In the physical world, you can have simple objects of which their simple, disconnected state is much more probable than when they collectively form a more improbable, complex object. This is possible because such complex object is a game-theoretical equilibrium that is surprisingly stable, no matter how improbable.

For example, the reason why an electron prefers to orbit around the nucleus of an atom is ultimately because the electron's internal structure becomes itself more stable by doing that. The electron itself will less easily fall apart into smaller constituents, if it is itself part of that larger whole (the atom).

In fact, this hypothesis could probably even be tested scientifically. It should be easier to (cost substantially less energy) to smash a free electron apart than one that is orbiting around an atom. The same should be true for a proton or neutron. A free particle should be easier to smash apart than one that is embedded inside the nucleus of an atom.

If this idea that simplicity evolves into complexity is true then what explains the quite obvious fact that humans when engaged in creative acts can never produce something more complex than humans themselves? — TheMadFool

If you compare two ideas, then one could be better than the other one. In this context, we could define the term "better idea" as an idea that will live longer. Combining ideas into larger ones, however, does not necessarily create a game-theoretical equilibrium between them. For that to happen, each idea of a combination of two ideas should be able to survive longer, exactly because it is combined with the other one.

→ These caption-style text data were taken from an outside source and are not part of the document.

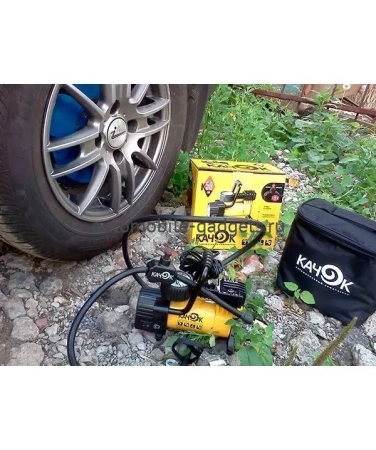 Автомобильный портативный компрессор Качок К50 LED Автомобильный портативный компрессор Качок К50 LED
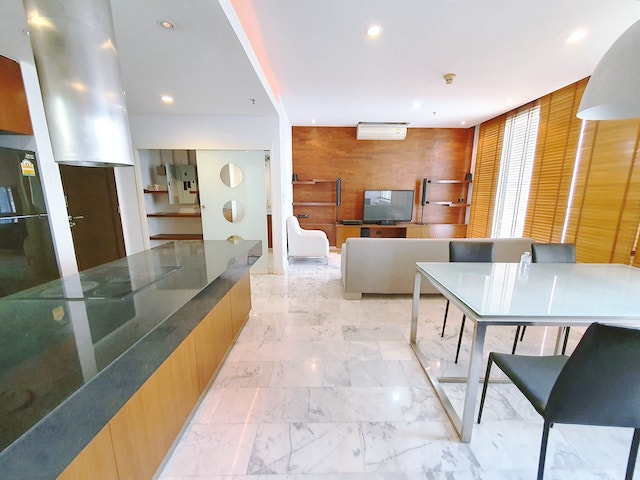Siri Residence Sukhumvit 24 spacious 19th floor BTS Phrom Phong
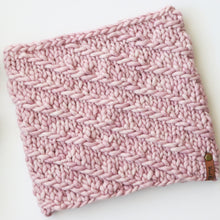 Indlæs billede til gallerivisning Whirlstream Halsedisse - Strikkeopskrift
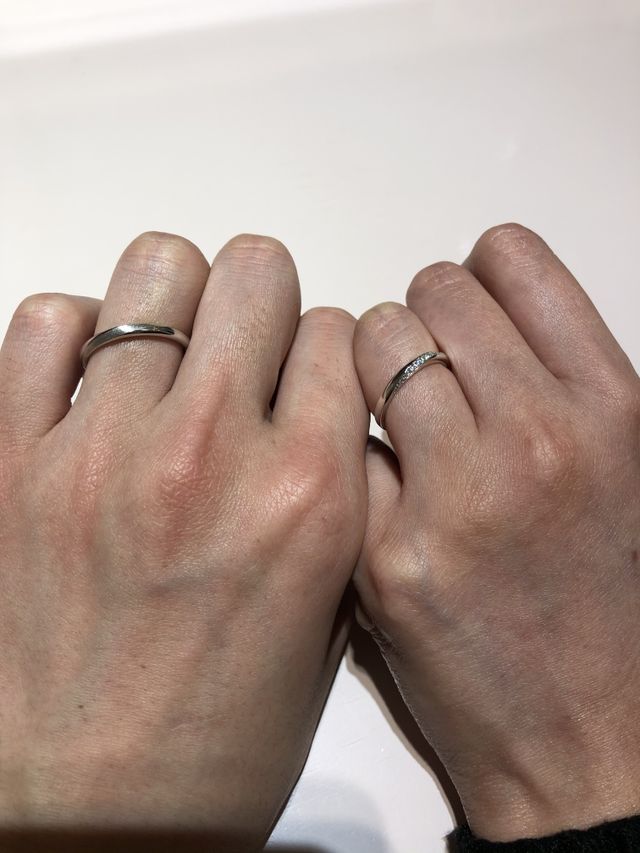 少しカーブがあるタイプ。斜めに15粒ダイヤがあります。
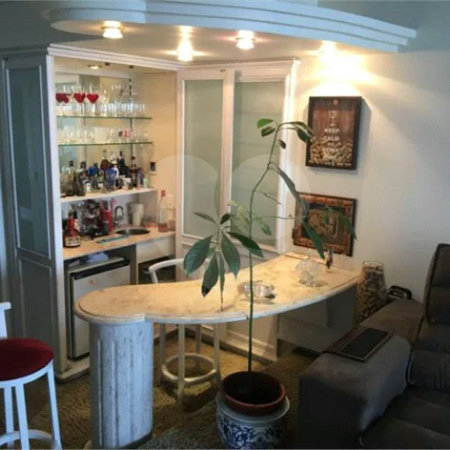 Lindo apartamento em ótima localização na Mooca!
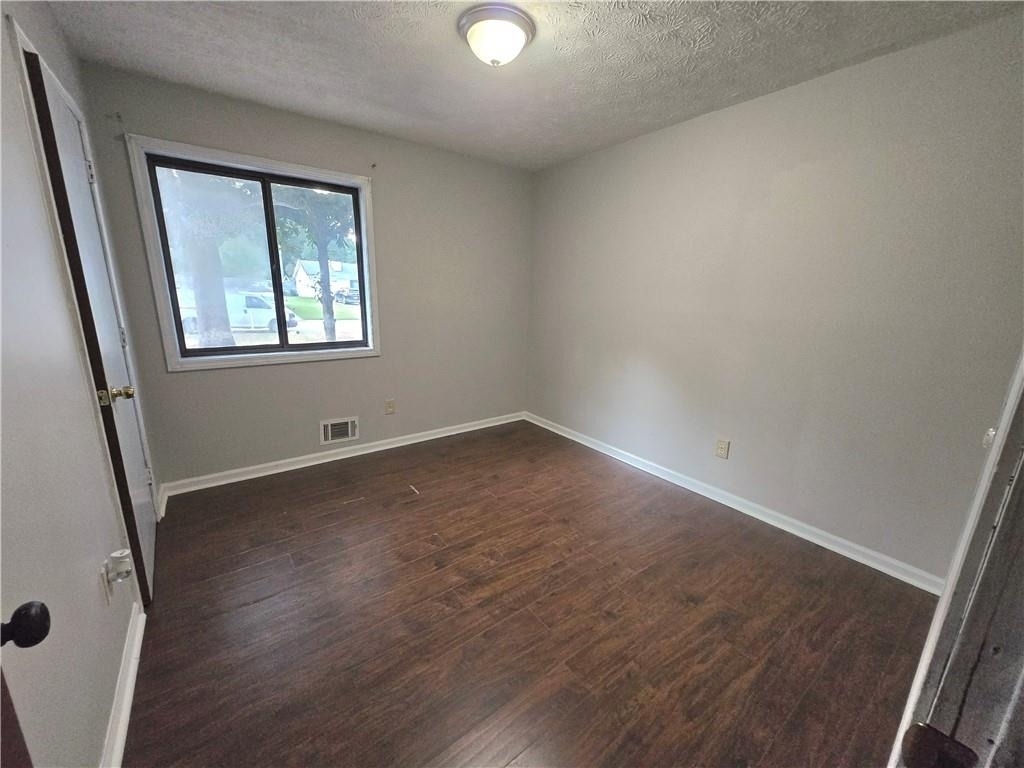 2982 Hillwood Drive - Photo 21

Why would this be the case?

For example, the nine axioms of Peano standard arithmetic theory are a combination of nine ideas. Would you improve the strength of arithmetic theory by adding new axioms? Not necessarily, because it will be possible to produce most candidate axioms as theorems of the nine existing ones. So, they would mostly be redundant. Without claiming that it will be impossible to do, it is hard to find an additional axiom that is truly independent from the existing ones, and that would meaningfully extend number theory. Another problem is that adding a new axiom would make you trust more, while increasing the amount of trust is not necessarily a good idea. Furthermore, number theory will never really die. It is not a living thing anyway.